In [None]:
!pip install mteb==1.1.1 datasets beir sentence_transformers

In [None]:
import datasets
from mteb import MTEB
from sentence_transformers import SentenceTransformer
import os

In [None]:
# SET YOUR HUGGINGFACE TOKEN
os.environ['HF_TOKEN'] = ""

# SET YOUR CHUNKING SIZE (how many words per chunk)
CHUNKING_SIZE = 1000

# SET YOUR MODEL
#model_name = "jinaai/jina-embeddings-v2-base-en"
model_name = "thenlper/gte-base"

DenseRetrievalExactSearch class from BeIR Benchmark with modified score calculation to use the top chunk for each document.

In [None]:
from beir.retrieval.search import BaseSearch
from beir.retrieval.search.dense.util import cos_sim, dot_score
import logging
import torch
from typing import Dict
import heapq

logger = logging.getLogger(__name__)

# DenseRetrievalExactSearch is parent class for any dense model that can be used for retrieval
# Abstract class is BaseSearch
class DenseRetrievalExactSearch(BaseSearch):

    def __init__(self, model, batch_size: int = 128, corpus_chunk_size: int = 50000, **kwargs):
        #model is class that provides encode_corpus() and encode_queries()
        self.model = model
        self.batch_size = batch_size
        self.score_functions = {'cos_sim': cos_sim, 'dot': dot_score}
        self.score_function_desc = {'cos_sim': "Cosine Similarity", 'dot': "Dot Product"}
        self.corpus_chunk_size = corpus_chunk_size
        self.show_progress_bar = kwargs.get("show_progress_bar", True)
        self.convert_to_tensor = kwargs.get("convert_to_tensor", True)
        self.results = {}

    def search(self,
               corpus: Dict[str, Dict[str, str]],
               queries: Dict[str, str],
               top_k: int,
               score_function: str,
               return_sorted: bool = False,
               **kwargs) -> Dict[str, Dict[str, float]]:
        # Create embeddings for all queries using model.encode_queries()
        # Runs semantic search against the corpus embeddings
        # Returns a ranked list with the corpus ids
        if score_function not in self.score_functions:
            raise ValueError("score function: {} must be either (cos_sim) for cosine similarity or (dot) for dot product".format(score_function))

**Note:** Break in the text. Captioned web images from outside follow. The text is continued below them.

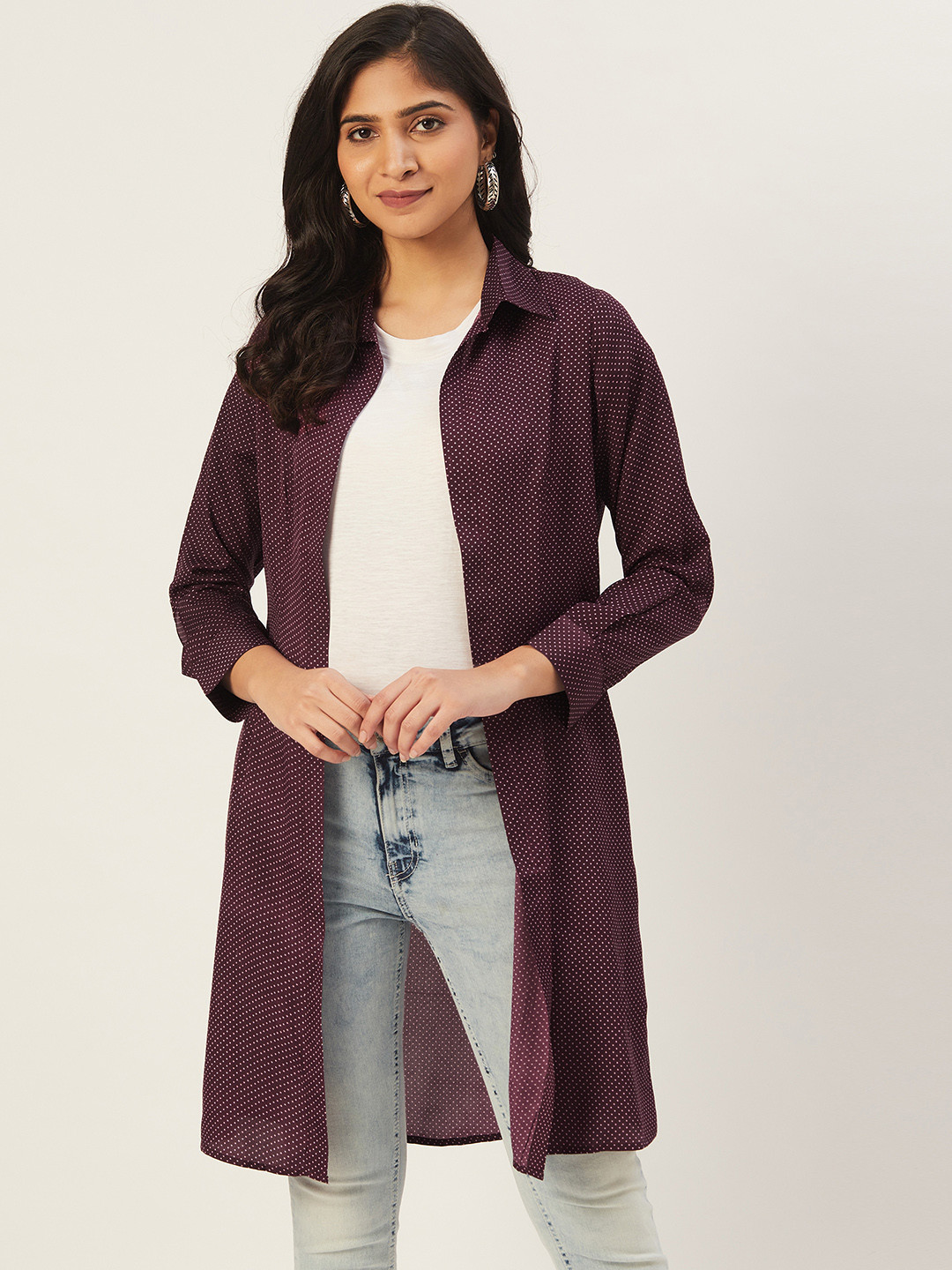 DODO & MOA Women Purple Printed Open Front Longline Shrug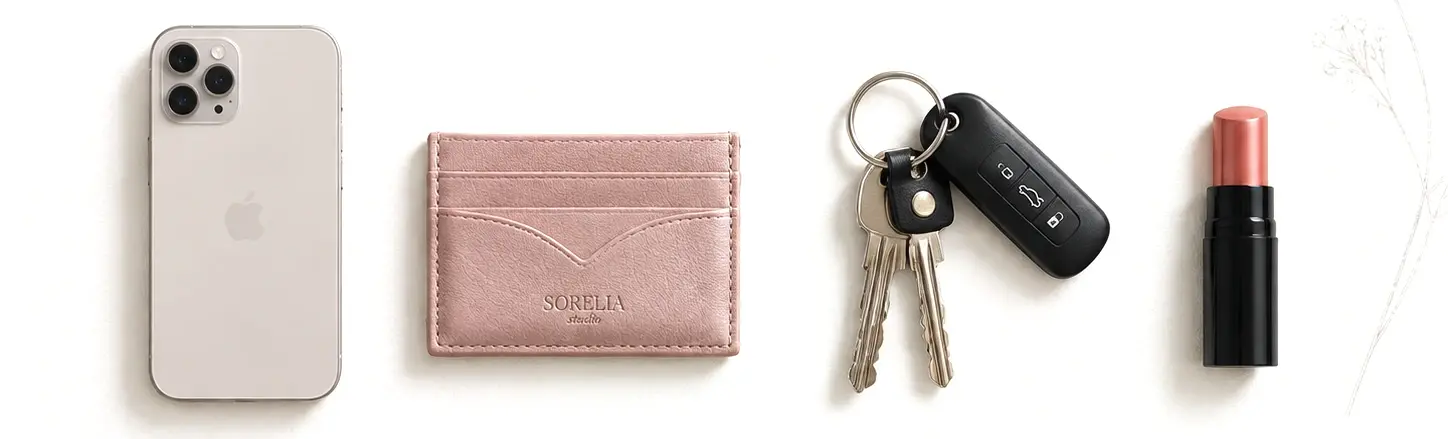 Phone, cardholder, keys and lipstick laid out beside the bag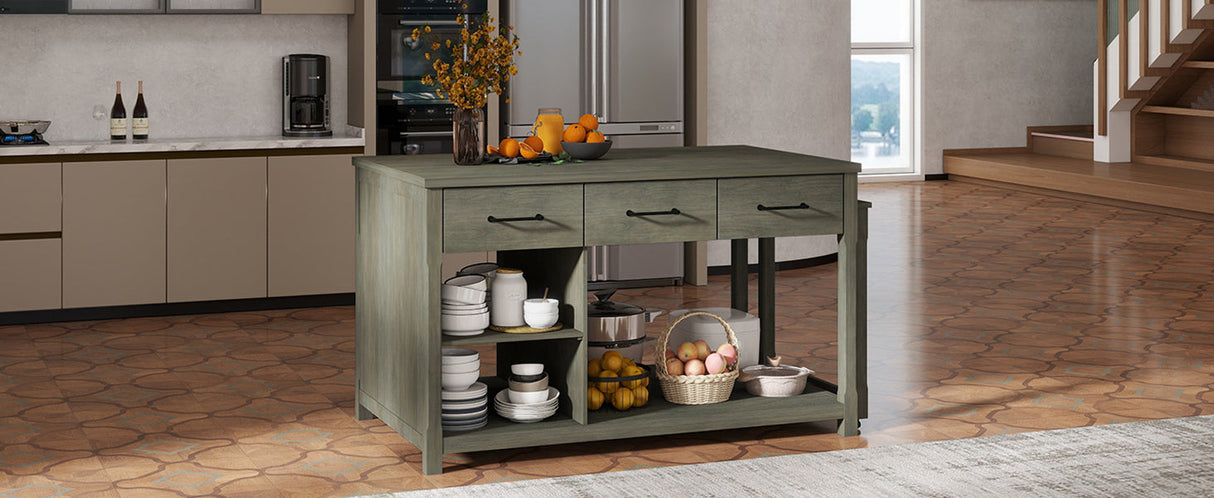 TREXM Extendable Kitchen Island with Storage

        logger.info("Encoding Queries...")
        query_ids = list(queries.keys())
        self.results = {qid: {} for qid in query_ids}
        queries = [queries[qid] for qid in queries]
        query_embeddings = self.model.encode_queries(
            queries, batch_size=self.batch_size, show_progress_bar=self.show_progress_bar, convert_to_tensor=self.convert_to_tensor)

        logger.info("Sorting Corpus by document length (Longest first)...")

        corpus_ids = sorted(corpus, key=lambda k: len(corpus[k].get("title", "") + corpus[k].get("text", "")), reverse=True)
        corpus = [corpus[cid] for cid in corpus_ids]

        logger.info("Encoding Corpus in batches... Warning: This might take a while!")
        logger.info("Scoring Function: {} ({})".format(self.score_function_desc[score_function], score_function))

        itr = range(0, len(corpus), self.corpus_chunk_size)

        result_heaps = {qid: [] for qid in query_ids}  # Keep only the top-k docs for each query
        for batch_num, corpus_start_idx in enumerate(itr):
            logger.info("Encoding Batch {}/{}...".format(batch_num+1, len(itr)))
            corpus_end_idx = min(corpus_start_idx + self.corpus_chunk_size, len(corpus))

            # Encode chunk of corpus
            sub_corpus_embeddings = self.model.encode_corpus(
                corpus[corpus_start_idx:corpus_end_idx],
                batch_size=self.batch_size,
                show_progress_bar=self.show_progress_bar,
                convert_to_tensor = self.convert_to_tensor
                )

            # Compute similarites using either cosine-similarity or dot product
            cos_scores = self.score_functions[score_function](query_embeddings, sub_corpus_embeddings)
            cos_scores[torch.isnan(cos_scores)] = -1

            # Get top-k values
            cos_scores_top_k_values, cos_scores_top_k_idx = torch.topk(cos_scores, min(top_k+1, len(cos_scores[1])), dim=1, largest=True, sorted=return_sorted)
            cos_scores_top_k_values = cos_scores_top_k_values.cpu().tolist()
            cos_scores_top_k_idx = cos_scores_top_k_idx.cpu().tolist()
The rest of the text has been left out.